If you’ve ever moved into a new house, you know the process can seem slightly stressful until you’re settled in. Turns out, houseplants are the same. You’d think they’d like to spread out in a roomier space, but most would prefer to stay in their current container—even if they’re becoming rootbound. For this reason (and a few others), it’s important to know when and how to repot a plant if you want your green pal to feel psyched about a new set of digs.
Once you know how to repot a plant you’ll be your indoor garden’s favorite real estate agent. Even your fussy fiddle leaf fig will trust relocation in your capable hands. To get you moving, here’s the lowdown on when, why, and how to put your houseplant in a new pot.
When to Repot a Plant
In general, you can repot young plants one or twice a year and older plants once every year or two. The best time to go about it is in late winter or early spring, so your plant has time to get acquainted with its new home before summer fuels a growth spurt.
Why You Should Repot a Plant
You might be looking forward to repotting your plant because you got a snazzy new container, but there’s another reason to rethink your houseplant’s current home: It’s become rootbound. If your leafy friend is showing any of these signs, it’s time to repot it (regardless of the time of year).
• Roots are coming out of the drainage holes
• Roots are exposed at the soil surface
• Roots are encircling the pot, forming a dense web (pale leaves and stunted growth are visible signs)
Even if your houseplant is slow-growing (we’re looking at you, ZZ) and the roots are looking good, repotting can help. Over time, soil starts to lose its luster, both in terms of texture and sustenance. A container full of fresh Miracle-Gro® Indoor Potting Mix will help your plant retain water and give it a new boost of nutrients.
How to Repot a Plant
Before you start picking out a new pot or digging through old ones in the garage, take a minute to make sure you’re not going too big. Size matters as much as a seamless moving experience.
Consider Pot Size
Houseplants aren’t very comfy in a container too big for their needs, so when you go to repot, take it easy on the upgrade. An oversized pot can lead to root rot because there’s so much soil, your plant can’t drink up the available water and the soil stays wet longer.
Here’s a quick guide to increasing pot size:
• Regardless of size, most plants should only move into a pot that’s 1 to 3 inches larger in diameter than its current container
• Pots for fast-growing plants can increase by 3 or 4 inches in diameter.
• Pots for slow-growing plants should go up by no more than 1 or 2 inches in diameter.
Of course, if you’re happy with your plant’s current size and it doesn’t appear rootbound, you can keep it in the same pot. Just pull it out of its current container to prune the roots and refresh the soil, following the yearly repotting schedule mentioned above.
Now that you’ve figured out sizing and the best time to repot your plant, the last step is to make the move itself. You got this! Just follow these steps.
1. The day before you repot your plant, water it in its original container (if you forget, you can still water it up to an hour before repotting).

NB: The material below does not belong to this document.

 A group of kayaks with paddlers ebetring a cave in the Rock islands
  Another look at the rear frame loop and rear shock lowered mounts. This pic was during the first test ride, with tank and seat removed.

2. If you’re reusing an old pot, clean it thoroughly before putting a new houseplant in it. Once dry, add enough Miracle-Gro® Indoor Potting Mix to the bottom of the container so that the top of the root ball will sit 1 inch below the rim.
3. Remove the plant from its current container (knock it against a hard surface if it’s stuck) and check to see if the roots are wound in a matted, tight root ball. If they are, use a knife or your hands to gently break them free.
4. Place your plant in the new pot and add potting mix around it. Lightly press down to remove air pockets and settle it into place.
5. Thoroughly water your repotted plant now, and then always wait until the top inch is dry before giving it any more H2O. (Just stick your finger in the soil to check.)
6. Give your plant a month to adjust, then begin feeding it regularly. Just add Miracle-Gro® Indoor Plant Food right to the soil or to your watering can, following all label directions, to give your houseplants a boost.
That’s it, you’ve successfully repotted your houseplant! Just put your botanical buddy back where it was and continue to care for it like the awesome plant parent you are. You may notice new growth or just a perkier appearance overall once it realizes that you were right: A dream home makeover was just what it needed.